The third movement of the D. 960 is marked Scherzo, unlike the Menuet of D. 958, and, for the first time in the work, there seems to be a genuine return of Schubert’s puckish humor. The Finale is in some ways cut from the same cloth as Schubert’s two famous quintets— the great C major Cello Quintet and the earlier Trout Quintet. In both cases, as here, Schubert makes much of an opening gesture that never seems to go away. Again, Schubert is rigorous in his exploration of the possibilities of isolated rhythmic units— the first page and a half of the score again shows the music unfolding in eighth notes, with a single attempt to interject some triplets in the right hand quickly interrupted by a return of the opening gesture. The second theme is accompanied only by sixteenths, and the third only by triplets.

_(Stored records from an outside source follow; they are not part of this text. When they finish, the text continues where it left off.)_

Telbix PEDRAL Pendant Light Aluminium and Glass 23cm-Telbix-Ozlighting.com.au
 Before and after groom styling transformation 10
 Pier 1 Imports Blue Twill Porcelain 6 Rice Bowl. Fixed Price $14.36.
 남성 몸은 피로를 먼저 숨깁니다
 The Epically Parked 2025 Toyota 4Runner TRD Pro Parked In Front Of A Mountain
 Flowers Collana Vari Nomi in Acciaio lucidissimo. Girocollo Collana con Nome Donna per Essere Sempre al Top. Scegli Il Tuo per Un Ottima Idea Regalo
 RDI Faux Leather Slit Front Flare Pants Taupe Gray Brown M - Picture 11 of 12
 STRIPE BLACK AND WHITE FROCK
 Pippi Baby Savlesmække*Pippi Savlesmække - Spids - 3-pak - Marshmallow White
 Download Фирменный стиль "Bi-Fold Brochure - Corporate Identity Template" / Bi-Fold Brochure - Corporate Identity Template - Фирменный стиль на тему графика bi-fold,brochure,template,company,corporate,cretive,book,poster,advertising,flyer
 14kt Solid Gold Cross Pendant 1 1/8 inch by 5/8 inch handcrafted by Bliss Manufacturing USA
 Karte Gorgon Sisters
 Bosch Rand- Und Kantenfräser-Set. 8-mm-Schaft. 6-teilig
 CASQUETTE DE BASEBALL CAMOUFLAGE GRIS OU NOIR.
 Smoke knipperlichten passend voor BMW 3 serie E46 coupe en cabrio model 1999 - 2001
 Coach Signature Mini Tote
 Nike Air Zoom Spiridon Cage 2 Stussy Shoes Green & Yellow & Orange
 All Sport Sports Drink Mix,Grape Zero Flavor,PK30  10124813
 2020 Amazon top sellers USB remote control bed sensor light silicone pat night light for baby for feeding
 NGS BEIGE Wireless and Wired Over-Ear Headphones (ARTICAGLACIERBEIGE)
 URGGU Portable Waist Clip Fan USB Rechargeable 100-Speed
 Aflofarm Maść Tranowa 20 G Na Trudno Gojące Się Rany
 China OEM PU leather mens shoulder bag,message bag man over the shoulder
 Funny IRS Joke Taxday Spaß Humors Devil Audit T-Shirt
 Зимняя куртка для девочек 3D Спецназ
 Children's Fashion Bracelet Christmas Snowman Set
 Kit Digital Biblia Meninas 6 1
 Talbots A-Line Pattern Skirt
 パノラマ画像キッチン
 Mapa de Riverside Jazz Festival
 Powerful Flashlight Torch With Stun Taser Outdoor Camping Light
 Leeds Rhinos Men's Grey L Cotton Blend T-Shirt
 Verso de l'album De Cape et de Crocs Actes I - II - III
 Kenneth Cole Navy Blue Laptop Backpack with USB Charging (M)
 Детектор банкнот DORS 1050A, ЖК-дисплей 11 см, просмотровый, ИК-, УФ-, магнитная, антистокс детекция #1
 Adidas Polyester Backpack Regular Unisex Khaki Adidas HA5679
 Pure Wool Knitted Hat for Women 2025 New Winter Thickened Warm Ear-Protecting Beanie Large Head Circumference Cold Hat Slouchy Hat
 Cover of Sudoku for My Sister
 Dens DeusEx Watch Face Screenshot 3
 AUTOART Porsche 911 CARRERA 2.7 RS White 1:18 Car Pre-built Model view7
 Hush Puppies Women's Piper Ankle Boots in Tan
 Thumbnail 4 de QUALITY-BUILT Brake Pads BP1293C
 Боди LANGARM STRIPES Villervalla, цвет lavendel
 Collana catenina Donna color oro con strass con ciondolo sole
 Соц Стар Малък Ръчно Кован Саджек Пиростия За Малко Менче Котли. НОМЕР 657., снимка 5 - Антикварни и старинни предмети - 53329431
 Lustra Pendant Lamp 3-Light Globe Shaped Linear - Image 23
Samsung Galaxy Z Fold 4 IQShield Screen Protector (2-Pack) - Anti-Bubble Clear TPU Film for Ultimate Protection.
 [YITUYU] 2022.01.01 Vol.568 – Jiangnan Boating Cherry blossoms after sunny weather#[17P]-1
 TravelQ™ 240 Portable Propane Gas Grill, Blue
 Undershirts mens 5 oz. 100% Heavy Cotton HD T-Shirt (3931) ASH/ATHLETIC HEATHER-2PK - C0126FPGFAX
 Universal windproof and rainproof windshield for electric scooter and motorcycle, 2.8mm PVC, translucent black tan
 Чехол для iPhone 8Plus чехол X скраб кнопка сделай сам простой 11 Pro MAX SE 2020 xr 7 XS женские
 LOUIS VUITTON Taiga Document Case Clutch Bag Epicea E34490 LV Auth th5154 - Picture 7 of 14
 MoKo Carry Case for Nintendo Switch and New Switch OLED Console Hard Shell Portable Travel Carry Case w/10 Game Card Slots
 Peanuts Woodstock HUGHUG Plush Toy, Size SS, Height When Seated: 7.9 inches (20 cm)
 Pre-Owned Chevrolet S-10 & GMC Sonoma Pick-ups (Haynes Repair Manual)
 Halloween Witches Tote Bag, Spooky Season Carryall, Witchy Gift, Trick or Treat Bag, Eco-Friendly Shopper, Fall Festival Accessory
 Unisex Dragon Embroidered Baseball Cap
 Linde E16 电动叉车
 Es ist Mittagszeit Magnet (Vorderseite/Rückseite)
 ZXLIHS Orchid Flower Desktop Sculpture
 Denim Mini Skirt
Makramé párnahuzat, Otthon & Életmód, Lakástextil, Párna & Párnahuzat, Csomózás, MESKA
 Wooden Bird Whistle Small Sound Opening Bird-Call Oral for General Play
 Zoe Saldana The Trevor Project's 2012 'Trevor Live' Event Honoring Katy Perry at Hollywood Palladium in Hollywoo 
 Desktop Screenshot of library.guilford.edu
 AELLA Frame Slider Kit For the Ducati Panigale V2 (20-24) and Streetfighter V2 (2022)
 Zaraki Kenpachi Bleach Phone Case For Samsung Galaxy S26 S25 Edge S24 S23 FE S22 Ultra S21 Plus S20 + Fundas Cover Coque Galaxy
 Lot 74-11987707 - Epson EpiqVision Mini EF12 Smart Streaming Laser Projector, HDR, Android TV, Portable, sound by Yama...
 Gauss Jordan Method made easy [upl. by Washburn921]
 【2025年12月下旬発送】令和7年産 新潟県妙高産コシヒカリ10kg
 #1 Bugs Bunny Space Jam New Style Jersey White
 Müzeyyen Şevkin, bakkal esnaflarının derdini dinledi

“It was in the fall of 1943 that I fell under the spell of Schubert’s late Sonatas, as played in a memorable recital by Artur Schnabel,” recalls Howard Karp. Schnabel’s program was limited to four sonatas—two by Schubert, c minor and B-flat Major, with two Mozart sonatas separating them. I was overwhelmed by Schnabel’s playing and the power of Schubert, and have remained so to this day. There is no composer whom I revere more.” Karp’s reverence for Schubert’s music has led him to include Schubert’s music in many of the more momentous performances of his career, including his 1962 debut at the University of Illinois, from which comes the elegant performance of the Impromptu opus 142 No. 4 which concludes this disc.